MPF schemes, unfortunately for Hong Kong employees, tend to be very expensive and very limited by international standards, and even compared to other investment options in Hong Kong which are not mandatory. Below is a pivot table of the average fund expense ratios (FER) of some of the different MPF schemes in Hong Kong, based on this data page from the MPFA. Note that:
- The cheapest MPF bond funds charge around 0.8% per year, compared with 2819.HK, which charges 0.19% per year
- The cheapest MPF stock (equity) funds charge around 0.8% per year, compared with 2800.HK charging 0.1% per year for HK stock exposure, and 3101.HK, 3140.HK and 3126.HK charging 0.18% per year for international stock exposure.
- Guaranteed and Mixed Asset funds are basically expensive blends of stock and bond funds.
- MPF money market funds can be some of the cheapest, charging as little as 0.35%, but an average of 0.6%, which is more than most banks pay on fixed deposits. Money market funds are rarely a good place to allocate much of an MPF account anyway.

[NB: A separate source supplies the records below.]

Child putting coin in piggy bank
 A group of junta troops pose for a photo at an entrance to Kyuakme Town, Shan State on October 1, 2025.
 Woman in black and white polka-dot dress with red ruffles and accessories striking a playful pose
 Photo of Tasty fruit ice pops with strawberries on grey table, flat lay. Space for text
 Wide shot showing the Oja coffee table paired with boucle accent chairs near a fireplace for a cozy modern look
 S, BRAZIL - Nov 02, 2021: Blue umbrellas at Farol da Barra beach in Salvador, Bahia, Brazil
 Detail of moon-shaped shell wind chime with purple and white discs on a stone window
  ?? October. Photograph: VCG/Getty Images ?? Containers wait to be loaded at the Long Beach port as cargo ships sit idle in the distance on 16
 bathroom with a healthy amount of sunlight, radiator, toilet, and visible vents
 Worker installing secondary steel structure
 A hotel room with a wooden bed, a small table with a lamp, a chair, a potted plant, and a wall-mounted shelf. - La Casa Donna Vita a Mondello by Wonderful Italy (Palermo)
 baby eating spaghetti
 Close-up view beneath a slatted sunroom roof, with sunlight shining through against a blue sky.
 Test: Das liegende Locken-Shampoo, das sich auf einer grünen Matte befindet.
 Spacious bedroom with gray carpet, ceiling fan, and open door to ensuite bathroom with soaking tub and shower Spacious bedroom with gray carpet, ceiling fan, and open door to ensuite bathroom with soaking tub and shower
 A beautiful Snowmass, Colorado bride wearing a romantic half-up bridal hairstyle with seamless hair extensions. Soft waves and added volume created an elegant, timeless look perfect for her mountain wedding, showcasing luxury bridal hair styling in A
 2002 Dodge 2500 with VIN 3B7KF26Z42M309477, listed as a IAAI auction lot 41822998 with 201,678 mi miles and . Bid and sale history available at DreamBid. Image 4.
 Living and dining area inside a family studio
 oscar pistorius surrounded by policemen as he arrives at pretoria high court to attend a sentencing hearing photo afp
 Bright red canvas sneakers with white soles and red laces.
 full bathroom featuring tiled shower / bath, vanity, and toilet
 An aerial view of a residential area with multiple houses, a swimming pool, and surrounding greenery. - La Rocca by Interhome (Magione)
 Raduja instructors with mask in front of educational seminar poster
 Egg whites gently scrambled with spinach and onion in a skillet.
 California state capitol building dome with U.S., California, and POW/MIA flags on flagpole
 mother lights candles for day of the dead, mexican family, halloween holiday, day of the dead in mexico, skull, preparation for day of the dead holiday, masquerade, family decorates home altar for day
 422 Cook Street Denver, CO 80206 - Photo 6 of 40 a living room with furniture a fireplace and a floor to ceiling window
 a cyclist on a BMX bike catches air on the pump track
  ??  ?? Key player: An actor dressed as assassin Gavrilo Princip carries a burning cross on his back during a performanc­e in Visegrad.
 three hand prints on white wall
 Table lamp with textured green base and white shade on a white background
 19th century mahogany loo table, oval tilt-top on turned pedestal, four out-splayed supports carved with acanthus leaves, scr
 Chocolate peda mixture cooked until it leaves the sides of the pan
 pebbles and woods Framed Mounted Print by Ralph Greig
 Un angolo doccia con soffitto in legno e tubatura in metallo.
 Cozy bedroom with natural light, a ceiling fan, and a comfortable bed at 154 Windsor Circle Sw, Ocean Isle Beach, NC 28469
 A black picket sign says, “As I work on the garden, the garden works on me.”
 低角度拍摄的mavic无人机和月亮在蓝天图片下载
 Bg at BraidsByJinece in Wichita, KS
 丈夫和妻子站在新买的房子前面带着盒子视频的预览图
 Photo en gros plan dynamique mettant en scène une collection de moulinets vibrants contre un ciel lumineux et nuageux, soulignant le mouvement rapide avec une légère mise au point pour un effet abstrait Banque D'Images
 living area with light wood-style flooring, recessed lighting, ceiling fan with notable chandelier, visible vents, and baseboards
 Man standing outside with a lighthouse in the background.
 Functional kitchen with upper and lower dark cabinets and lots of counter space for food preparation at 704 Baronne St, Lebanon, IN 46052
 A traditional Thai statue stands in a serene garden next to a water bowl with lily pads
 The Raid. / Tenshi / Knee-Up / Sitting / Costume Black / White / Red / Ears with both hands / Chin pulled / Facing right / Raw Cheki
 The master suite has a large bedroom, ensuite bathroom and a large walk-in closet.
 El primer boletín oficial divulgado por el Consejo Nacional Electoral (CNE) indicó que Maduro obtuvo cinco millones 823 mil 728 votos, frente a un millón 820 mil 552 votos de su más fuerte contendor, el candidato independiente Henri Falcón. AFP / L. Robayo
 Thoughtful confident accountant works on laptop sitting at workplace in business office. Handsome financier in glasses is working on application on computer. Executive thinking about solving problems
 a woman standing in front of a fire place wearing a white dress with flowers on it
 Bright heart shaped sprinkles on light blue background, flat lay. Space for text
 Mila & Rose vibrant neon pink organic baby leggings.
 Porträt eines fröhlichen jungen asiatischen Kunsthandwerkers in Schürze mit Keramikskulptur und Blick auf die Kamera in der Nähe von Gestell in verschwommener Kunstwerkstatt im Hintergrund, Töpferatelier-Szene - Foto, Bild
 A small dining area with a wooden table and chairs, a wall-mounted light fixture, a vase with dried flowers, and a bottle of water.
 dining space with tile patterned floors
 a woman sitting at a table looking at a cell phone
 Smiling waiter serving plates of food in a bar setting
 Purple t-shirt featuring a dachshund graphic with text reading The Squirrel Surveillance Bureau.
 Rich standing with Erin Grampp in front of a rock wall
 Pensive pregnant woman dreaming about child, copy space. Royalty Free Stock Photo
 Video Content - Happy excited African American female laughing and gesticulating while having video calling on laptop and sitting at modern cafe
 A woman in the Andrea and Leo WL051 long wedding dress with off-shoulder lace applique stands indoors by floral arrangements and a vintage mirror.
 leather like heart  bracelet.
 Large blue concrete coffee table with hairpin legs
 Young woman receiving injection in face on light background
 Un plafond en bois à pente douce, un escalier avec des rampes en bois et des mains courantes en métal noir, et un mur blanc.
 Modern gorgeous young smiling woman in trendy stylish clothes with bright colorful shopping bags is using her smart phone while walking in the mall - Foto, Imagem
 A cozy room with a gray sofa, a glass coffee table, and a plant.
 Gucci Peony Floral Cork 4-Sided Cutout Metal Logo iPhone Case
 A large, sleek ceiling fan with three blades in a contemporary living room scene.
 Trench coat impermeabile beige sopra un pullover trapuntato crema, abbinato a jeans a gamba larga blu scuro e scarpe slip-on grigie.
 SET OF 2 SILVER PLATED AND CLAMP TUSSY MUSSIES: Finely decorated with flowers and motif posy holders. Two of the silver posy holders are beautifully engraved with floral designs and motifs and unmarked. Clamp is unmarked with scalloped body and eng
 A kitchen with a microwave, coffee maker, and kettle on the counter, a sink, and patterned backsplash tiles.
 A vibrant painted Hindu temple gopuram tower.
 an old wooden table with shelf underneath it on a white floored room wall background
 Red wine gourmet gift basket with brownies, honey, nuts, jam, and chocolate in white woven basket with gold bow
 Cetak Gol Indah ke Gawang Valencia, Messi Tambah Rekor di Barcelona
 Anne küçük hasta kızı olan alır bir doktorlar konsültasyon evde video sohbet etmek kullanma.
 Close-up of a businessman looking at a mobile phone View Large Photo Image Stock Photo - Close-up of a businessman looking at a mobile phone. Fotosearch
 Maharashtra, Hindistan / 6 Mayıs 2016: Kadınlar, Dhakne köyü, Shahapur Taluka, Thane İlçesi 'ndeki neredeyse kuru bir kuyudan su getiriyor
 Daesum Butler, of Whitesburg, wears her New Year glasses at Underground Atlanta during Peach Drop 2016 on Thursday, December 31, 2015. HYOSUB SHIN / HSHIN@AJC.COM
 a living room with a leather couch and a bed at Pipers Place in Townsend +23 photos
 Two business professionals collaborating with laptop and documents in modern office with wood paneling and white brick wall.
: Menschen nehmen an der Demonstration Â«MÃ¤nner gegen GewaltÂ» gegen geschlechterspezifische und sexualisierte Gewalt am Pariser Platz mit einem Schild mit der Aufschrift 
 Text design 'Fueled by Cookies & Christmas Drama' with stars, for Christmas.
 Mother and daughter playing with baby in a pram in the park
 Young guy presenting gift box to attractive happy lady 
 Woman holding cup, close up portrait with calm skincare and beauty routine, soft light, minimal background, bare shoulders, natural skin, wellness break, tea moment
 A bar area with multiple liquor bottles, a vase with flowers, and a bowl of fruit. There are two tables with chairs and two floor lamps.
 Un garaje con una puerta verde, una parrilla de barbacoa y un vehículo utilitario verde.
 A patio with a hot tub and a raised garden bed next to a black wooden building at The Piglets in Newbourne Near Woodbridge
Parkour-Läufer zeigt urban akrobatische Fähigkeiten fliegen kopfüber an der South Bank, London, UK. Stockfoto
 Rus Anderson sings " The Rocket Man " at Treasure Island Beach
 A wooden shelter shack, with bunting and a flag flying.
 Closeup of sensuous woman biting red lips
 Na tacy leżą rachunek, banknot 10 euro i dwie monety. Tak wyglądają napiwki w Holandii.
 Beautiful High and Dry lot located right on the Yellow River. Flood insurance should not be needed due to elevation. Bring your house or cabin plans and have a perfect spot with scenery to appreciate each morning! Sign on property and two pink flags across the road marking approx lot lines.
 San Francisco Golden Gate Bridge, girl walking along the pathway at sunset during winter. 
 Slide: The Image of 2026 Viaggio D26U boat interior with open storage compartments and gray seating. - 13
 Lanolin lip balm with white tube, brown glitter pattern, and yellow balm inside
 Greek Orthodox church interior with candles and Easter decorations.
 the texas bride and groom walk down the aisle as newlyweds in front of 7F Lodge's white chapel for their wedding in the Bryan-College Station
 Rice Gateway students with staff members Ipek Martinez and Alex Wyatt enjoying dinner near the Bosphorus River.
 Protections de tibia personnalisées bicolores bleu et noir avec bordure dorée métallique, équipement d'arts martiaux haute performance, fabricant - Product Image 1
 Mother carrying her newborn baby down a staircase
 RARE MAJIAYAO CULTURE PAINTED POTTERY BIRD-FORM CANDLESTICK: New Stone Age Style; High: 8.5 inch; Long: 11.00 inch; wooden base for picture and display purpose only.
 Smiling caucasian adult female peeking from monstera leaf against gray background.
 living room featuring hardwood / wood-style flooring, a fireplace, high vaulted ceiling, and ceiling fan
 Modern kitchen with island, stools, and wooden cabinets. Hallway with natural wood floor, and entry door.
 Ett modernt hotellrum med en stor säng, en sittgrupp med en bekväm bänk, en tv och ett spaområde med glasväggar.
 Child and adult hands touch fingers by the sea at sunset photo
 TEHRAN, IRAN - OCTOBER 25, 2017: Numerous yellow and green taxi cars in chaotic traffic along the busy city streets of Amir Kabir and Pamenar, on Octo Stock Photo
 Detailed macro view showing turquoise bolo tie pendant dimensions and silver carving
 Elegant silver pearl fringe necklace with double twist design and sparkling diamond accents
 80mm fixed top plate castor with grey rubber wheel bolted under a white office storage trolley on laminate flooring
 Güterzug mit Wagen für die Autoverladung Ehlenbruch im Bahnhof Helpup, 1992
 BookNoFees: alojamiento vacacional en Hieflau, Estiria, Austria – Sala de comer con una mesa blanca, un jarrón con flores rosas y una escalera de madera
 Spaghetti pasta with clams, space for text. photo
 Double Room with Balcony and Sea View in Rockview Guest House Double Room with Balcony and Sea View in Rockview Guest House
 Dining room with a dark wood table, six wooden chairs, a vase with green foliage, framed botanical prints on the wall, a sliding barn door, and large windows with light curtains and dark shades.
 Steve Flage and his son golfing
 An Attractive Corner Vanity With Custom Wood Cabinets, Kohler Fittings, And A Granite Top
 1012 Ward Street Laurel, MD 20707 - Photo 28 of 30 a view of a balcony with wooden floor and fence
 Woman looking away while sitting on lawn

The higher cost of MPF schemes is supposedly due to all the manual and paper-based administration of MPF accounts for employees, which is why it would be so important for the MPFA to push paperless, electronic administration and direct ETF-based MPF plans invested in low-cost ETFs through CCASS. Another comparison is that most MPF plans charge fees comparable to full-service financial advisers, but without the service.
MPF is the mandatory retirement fund that all non-exempt Hong Kong employers and employees are required to contribute to, and so far, the only people I’ve met who seem happy with any of the MPF schemes are those who make large fees managing or selling them.
Meanwhile, when asked, I often recommend employees put in only the mandatory MPF contributions and make no voluntary contributions, as there are better and cheaper investment options outside of even the best MPF schemes.
This post of course is not investment advice and not a recommendation to buy or sell any investment product.